Batches from three local manufacturers in Shaanxi province didn’t meet standards, China’s Food and Drug Administration said in a statement Tuesday. The companies were asked to stop production and sales, while also recalling products.
Chinese consumers have shunned local milk products since infant formula, contaminated with chemical melamine, was blamed for the deaths of at least six infants in 2008, one of several high-profile food safety scandals. The country’s demand for foreign dairy brands has caused Hong Kong to limit purchases and stressed postal services as far away as the Netherlands.

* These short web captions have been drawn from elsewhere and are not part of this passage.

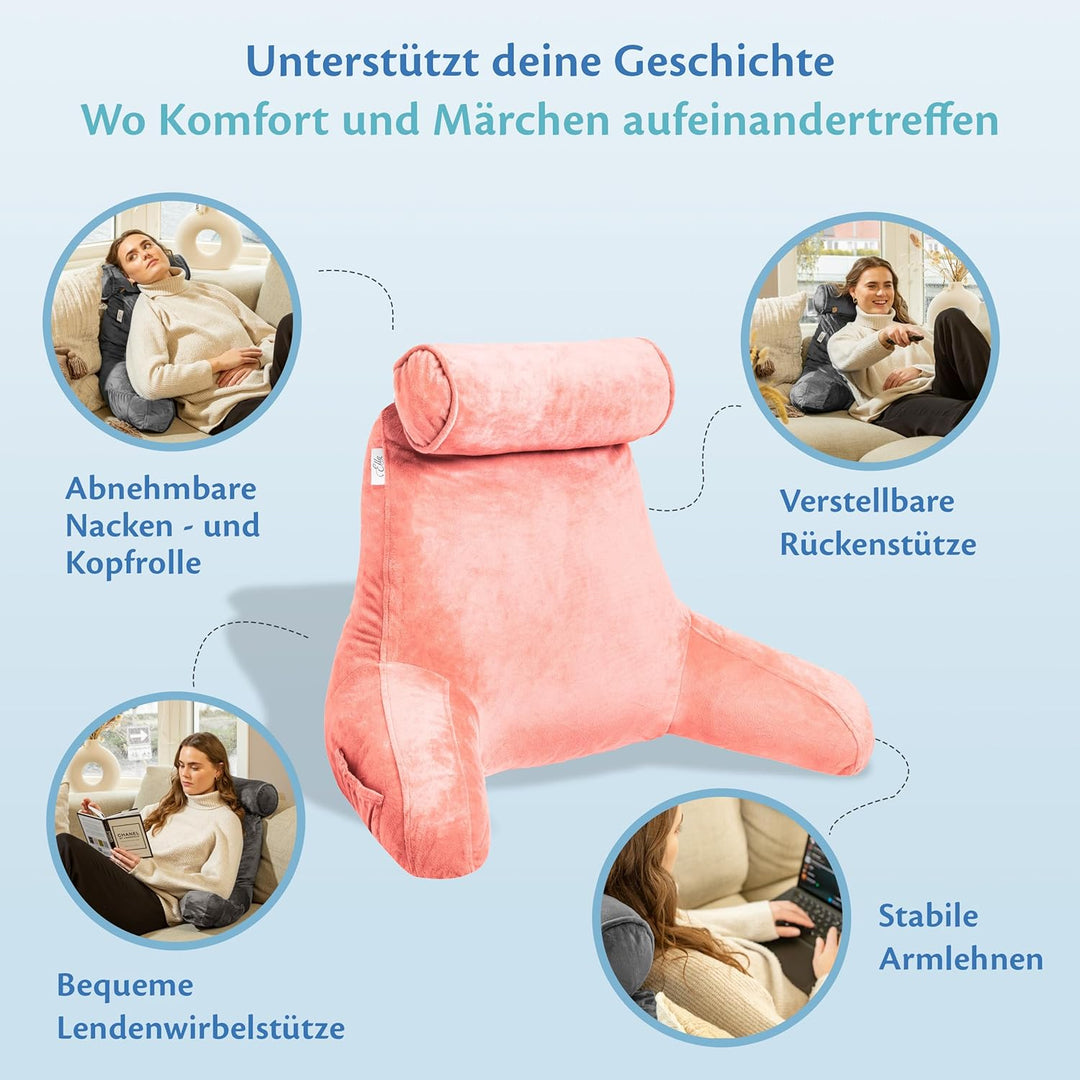 Ella Lesekissen für Bett und Sofa mit Abnehmbarer Nackenrolle - Rückenkissen Bett - Reading Pillow a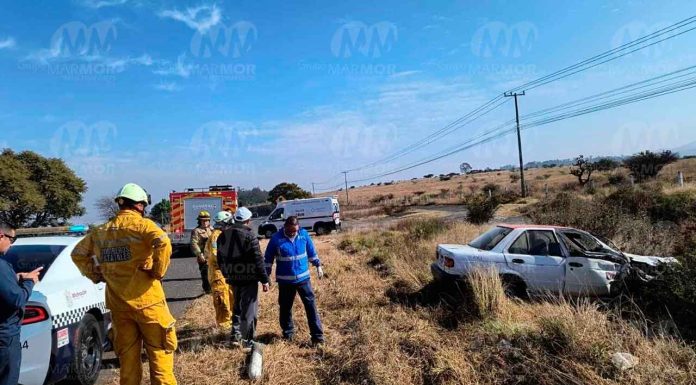 Se registra accidente de taxi en la Morelia-Pátzcuaro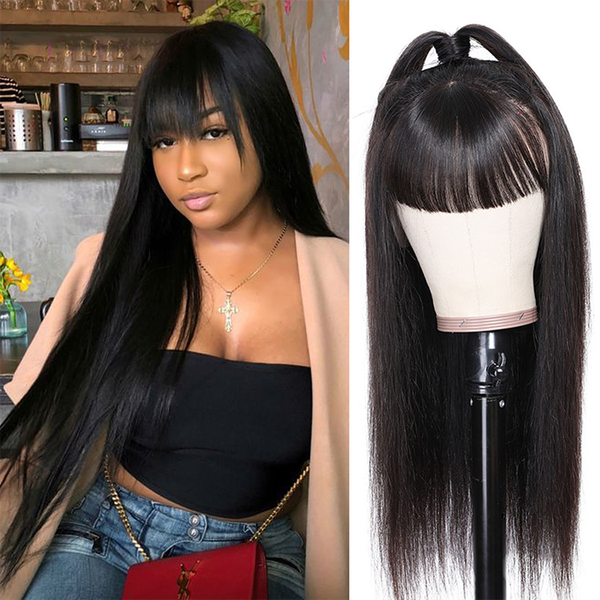 

new product 26 inch peruvian straight bangs wig 180% remy straight human hair bangs wig women full machine made human hair dyeable, Black;brown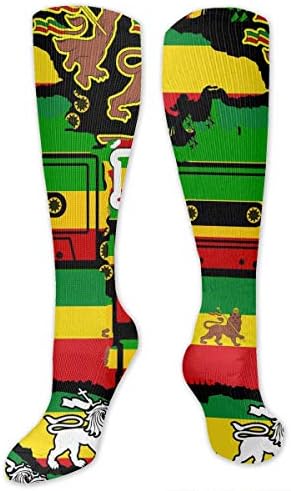 MSONNET Novelty Fashion Rastafarian Reggae Rasta Style Camo Camouflage 3D Printed Athletic Socks Extra Long Socks Knee High Socks for Men Women Boys Girls Outdoor Activities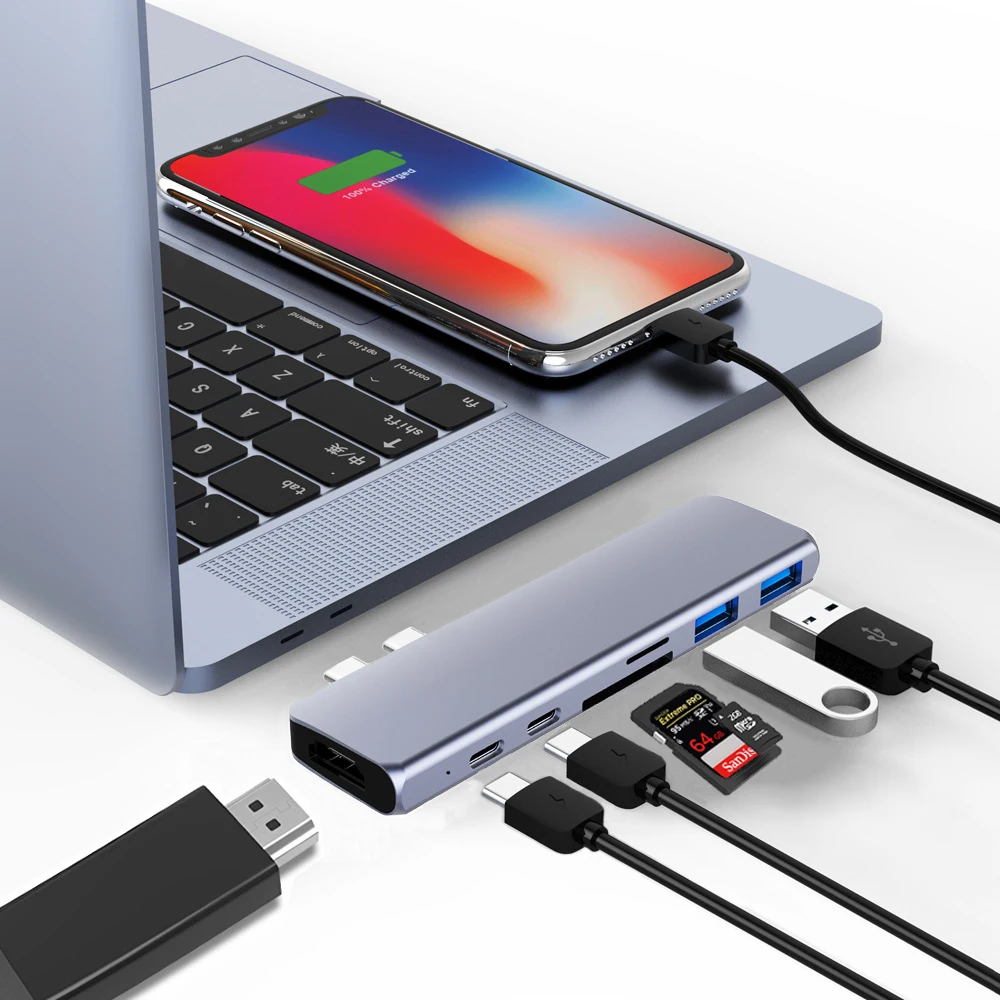 USB C концентратор type C Thunderbolt 3 адаптер USB-C док-ключ с HDMI 4K PD USB 3,0 SD TF кард-ридер для MacBook Pro Air 13 15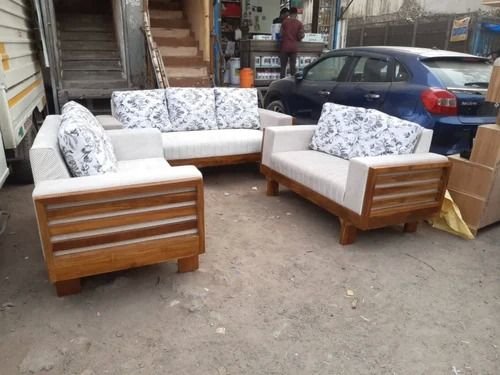 Cushion Back Wooden Sofa Set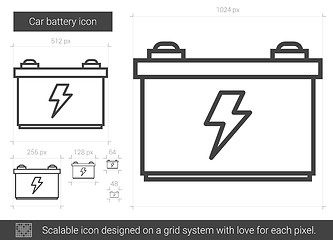 Image showing Car battery line icon.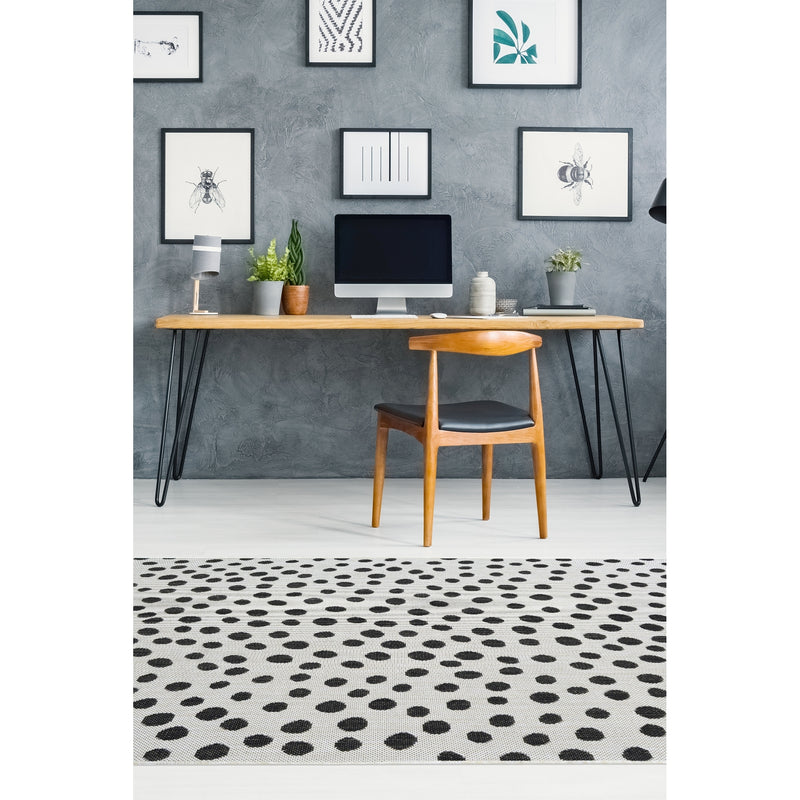 Lewis's Home Compass Mono Spot Flatweave Indoor & Outdoor Rugs - White & Black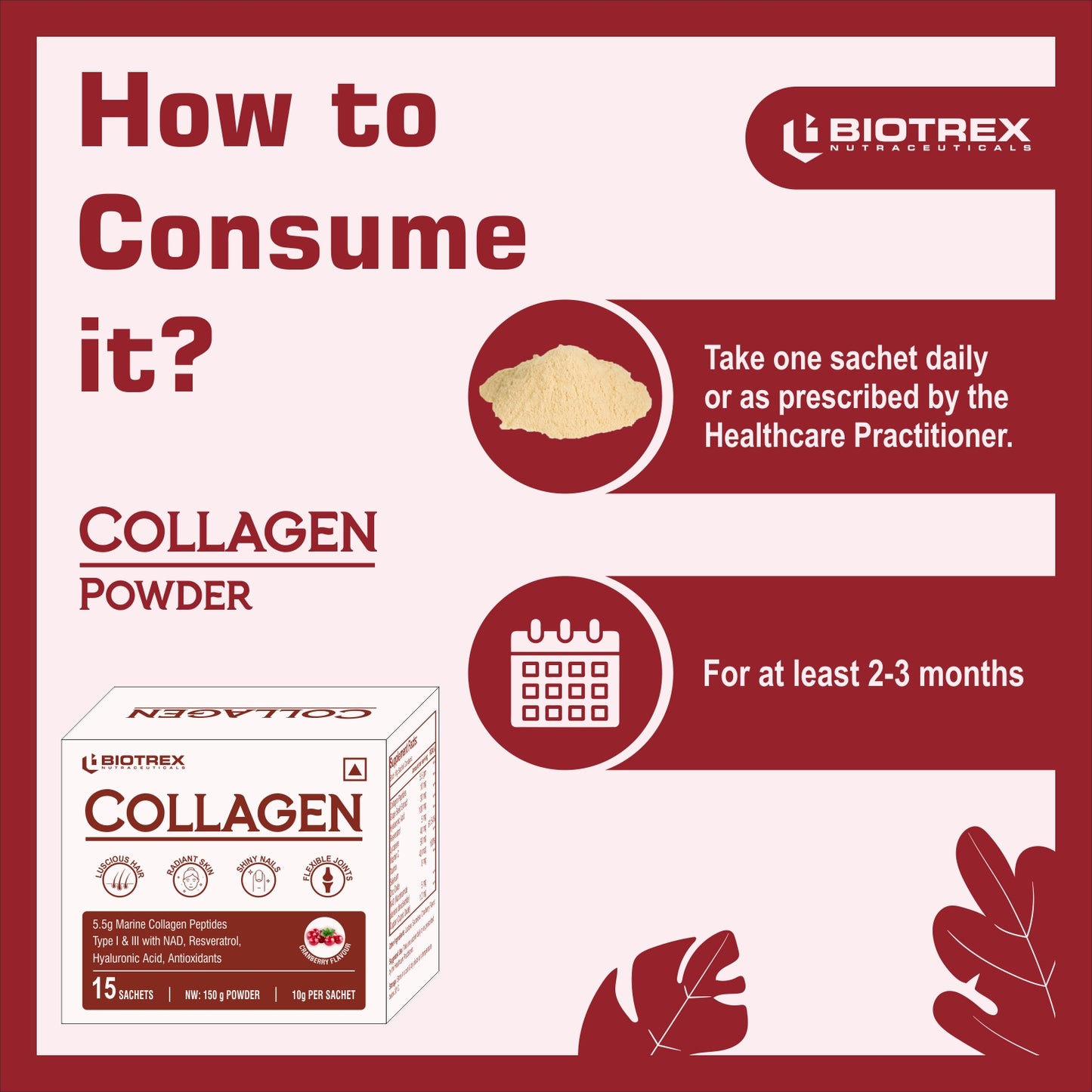 Biotrex Collagen Powder Supplement - 15 Sachets For Men & Women, Marine Collagen Powder Supports Healthy Skin, Luscious Hair, Flexible Joints, Shiny Nails, Cranberry Flavour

The market size of infant formula – categorized as targeting newborns to children that are seven years old – in the dairy market was about 62 billion yuan (USD10 billion) to 65 billion yuan, according to a release last year from Yayi International Inc., a listed Chinese manufacturer of goat baby milk powder that wasn’t named in yesterday’s release.
Sales of infant formula goat milk powder accounted for 0.7 percent of the total, the company said at the time. That market share was projected to rise to 5 percent by 2020, according to the release.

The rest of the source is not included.